Alaska News

Hard numbers show Alaska isn't keeping up

My Sept. 12 column described just how hard it is to get a grip on where the Alaska economy is and where it is going. The fundamental problem highlighted there was that 2009 preliminary employment numbers showed significantly more job growth than has proven to be the case. Because we are so dependent on somewhat error-prone preliminary data, it might be nice to let people know where the best data tells us Alaska has been going for the past decade or so.

The best data come out with a relatively long time lag. To get even a modestly complete picture we are stuck with 2008 as the most recent period through which we have something like enough information.

GDP GROWTH

The United States has had a relatively sluggish 10 or 11 years. Alaska has had an even more sluggish 10 or 11 years.

Economists bemoan the tepid 2.9 percent annual average growth in real (inflation-adjusted) gross domestic product, or GDP, posted by the U.S. economy between 1997 and 2008. But that tepid rate of growth positively laps the 0.6 percent rate posted by the Alaska economy over the same period.

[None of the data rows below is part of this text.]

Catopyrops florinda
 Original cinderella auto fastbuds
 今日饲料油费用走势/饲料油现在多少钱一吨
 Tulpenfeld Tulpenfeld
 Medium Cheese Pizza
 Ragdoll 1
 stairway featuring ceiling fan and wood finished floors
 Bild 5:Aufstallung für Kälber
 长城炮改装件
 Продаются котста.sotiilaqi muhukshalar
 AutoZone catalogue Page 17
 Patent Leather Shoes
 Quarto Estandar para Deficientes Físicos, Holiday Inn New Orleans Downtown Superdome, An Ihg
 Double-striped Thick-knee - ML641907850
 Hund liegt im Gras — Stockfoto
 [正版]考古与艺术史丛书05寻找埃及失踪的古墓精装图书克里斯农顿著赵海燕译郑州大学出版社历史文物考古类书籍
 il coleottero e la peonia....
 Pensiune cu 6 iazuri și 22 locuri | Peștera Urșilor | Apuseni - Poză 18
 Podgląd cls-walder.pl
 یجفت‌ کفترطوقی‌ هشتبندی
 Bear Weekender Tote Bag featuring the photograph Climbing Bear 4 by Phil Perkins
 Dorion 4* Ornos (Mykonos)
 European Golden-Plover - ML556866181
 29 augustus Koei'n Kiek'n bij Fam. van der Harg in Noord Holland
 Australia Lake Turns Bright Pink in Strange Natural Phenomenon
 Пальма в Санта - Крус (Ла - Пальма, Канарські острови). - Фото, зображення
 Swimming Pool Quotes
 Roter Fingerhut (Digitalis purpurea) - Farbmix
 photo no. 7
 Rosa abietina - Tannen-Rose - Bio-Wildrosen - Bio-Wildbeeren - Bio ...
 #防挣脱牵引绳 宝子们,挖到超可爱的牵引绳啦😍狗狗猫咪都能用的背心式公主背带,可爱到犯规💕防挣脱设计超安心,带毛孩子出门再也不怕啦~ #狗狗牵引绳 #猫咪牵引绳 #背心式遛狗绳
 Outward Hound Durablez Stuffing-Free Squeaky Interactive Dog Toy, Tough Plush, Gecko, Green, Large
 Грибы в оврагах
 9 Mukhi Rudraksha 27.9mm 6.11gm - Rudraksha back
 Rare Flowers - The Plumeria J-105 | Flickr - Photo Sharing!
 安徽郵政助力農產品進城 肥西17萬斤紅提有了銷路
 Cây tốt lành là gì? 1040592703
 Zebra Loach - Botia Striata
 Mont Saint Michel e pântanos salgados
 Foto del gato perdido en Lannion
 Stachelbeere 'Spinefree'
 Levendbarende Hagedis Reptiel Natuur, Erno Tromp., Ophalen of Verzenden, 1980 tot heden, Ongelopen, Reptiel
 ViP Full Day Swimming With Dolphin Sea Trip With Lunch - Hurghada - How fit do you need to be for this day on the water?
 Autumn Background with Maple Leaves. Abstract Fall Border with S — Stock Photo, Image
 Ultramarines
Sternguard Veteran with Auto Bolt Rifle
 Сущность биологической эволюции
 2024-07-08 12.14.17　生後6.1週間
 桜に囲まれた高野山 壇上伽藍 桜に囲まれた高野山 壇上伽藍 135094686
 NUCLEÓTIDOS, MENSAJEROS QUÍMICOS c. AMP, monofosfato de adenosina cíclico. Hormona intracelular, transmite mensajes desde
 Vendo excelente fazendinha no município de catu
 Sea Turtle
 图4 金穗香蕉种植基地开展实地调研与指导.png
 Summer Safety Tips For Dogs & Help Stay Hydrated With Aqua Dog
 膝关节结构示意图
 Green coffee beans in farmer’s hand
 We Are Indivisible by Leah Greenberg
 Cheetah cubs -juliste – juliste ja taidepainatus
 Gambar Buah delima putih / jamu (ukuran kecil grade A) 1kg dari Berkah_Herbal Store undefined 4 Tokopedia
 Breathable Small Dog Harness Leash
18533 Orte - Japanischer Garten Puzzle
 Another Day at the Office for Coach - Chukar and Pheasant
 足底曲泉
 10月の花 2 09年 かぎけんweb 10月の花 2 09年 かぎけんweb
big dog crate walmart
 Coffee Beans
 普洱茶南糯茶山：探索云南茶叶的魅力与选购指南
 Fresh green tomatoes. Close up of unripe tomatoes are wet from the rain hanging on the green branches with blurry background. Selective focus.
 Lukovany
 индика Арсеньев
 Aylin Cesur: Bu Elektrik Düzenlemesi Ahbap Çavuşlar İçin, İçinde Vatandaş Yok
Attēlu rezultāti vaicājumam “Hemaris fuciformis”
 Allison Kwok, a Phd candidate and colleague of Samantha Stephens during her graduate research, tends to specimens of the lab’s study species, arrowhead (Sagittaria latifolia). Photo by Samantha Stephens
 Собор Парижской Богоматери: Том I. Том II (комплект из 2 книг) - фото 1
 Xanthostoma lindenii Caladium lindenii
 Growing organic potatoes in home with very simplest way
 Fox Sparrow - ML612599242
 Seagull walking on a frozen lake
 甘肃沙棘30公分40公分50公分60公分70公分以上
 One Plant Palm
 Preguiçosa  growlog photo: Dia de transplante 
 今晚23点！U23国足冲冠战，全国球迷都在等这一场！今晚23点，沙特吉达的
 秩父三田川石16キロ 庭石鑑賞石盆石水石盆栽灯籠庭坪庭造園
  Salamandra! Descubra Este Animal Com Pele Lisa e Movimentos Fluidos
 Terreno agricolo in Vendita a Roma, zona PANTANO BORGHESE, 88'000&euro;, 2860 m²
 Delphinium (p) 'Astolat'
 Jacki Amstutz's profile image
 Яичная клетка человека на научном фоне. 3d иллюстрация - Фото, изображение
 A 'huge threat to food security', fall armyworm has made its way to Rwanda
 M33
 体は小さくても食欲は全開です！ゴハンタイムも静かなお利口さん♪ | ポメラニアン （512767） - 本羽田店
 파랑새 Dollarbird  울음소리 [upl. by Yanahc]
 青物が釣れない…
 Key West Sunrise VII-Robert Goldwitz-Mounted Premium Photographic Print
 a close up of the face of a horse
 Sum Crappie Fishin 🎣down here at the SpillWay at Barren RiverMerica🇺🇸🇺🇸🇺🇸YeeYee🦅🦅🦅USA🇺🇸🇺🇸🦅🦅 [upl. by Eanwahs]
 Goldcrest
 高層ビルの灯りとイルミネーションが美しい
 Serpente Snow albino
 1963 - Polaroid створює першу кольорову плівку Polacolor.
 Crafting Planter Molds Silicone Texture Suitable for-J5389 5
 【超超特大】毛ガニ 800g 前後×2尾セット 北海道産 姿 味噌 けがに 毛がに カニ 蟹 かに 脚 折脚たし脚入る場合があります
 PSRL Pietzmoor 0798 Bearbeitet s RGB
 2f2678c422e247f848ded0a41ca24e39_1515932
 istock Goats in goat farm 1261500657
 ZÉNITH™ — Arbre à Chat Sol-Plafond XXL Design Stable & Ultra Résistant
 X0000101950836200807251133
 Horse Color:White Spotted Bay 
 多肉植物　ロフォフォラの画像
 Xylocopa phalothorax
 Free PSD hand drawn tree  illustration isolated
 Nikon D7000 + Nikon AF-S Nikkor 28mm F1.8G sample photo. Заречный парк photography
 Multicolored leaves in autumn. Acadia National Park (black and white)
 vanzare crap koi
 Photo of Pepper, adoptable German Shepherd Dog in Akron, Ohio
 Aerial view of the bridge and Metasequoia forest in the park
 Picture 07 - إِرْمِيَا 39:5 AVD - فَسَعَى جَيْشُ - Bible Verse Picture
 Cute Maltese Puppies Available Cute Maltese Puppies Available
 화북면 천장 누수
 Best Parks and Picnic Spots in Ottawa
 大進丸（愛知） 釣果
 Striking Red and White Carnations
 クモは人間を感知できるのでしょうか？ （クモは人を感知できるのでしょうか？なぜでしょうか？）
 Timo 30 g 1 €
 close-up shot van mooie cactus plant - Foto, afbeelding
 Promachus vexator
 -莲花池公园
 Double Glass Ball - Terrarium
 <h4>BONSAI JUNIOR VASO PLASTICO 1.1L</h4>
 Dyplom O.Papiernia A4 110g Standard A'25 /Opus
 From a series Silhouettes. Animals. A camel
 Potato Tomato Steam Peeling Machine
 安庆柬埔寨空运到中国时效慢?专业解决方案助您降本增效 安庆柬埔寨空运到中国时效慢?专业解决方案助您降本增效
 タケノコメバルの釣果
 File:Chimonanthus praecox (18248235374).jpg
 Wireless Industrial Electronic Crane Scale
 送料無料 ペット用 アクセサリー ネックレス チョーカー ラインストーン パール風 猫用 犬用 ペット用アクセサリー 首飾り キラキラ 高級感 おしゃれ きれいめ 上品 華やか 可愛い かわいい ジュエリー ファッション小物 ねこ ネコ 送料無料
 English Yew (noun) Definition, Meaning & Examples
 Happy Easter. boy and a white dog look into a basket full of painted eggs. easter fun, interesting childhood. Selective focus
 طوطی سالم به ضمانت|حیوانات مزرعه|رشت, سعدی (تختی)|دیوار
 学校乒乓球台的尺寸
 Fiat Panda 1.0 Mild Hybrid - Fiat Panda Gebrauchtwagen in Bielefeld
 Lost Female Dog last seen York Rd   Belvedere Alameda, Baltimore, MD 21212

Nationally, it takes something like a 2 percent rate of GDP growth just to keep the unemployment rate from rising. At Alaska's 0.6 percent 1997-2008 rate of GDP growth, the national unemployment rate would climb in perpetuity were it not for the fact that under those conditions an army of once-employed persons would cease looking for work and would cease being counted among the unemployed.

Alaska's relative position is just as bad when we look at per capita growth rates. Between 1997 and 2008, U.S. per capita GDP grew at about 1.2 percent per year. In sharp contrast, Alaska per capita GDP fell at a rate of 0.5 percent per year.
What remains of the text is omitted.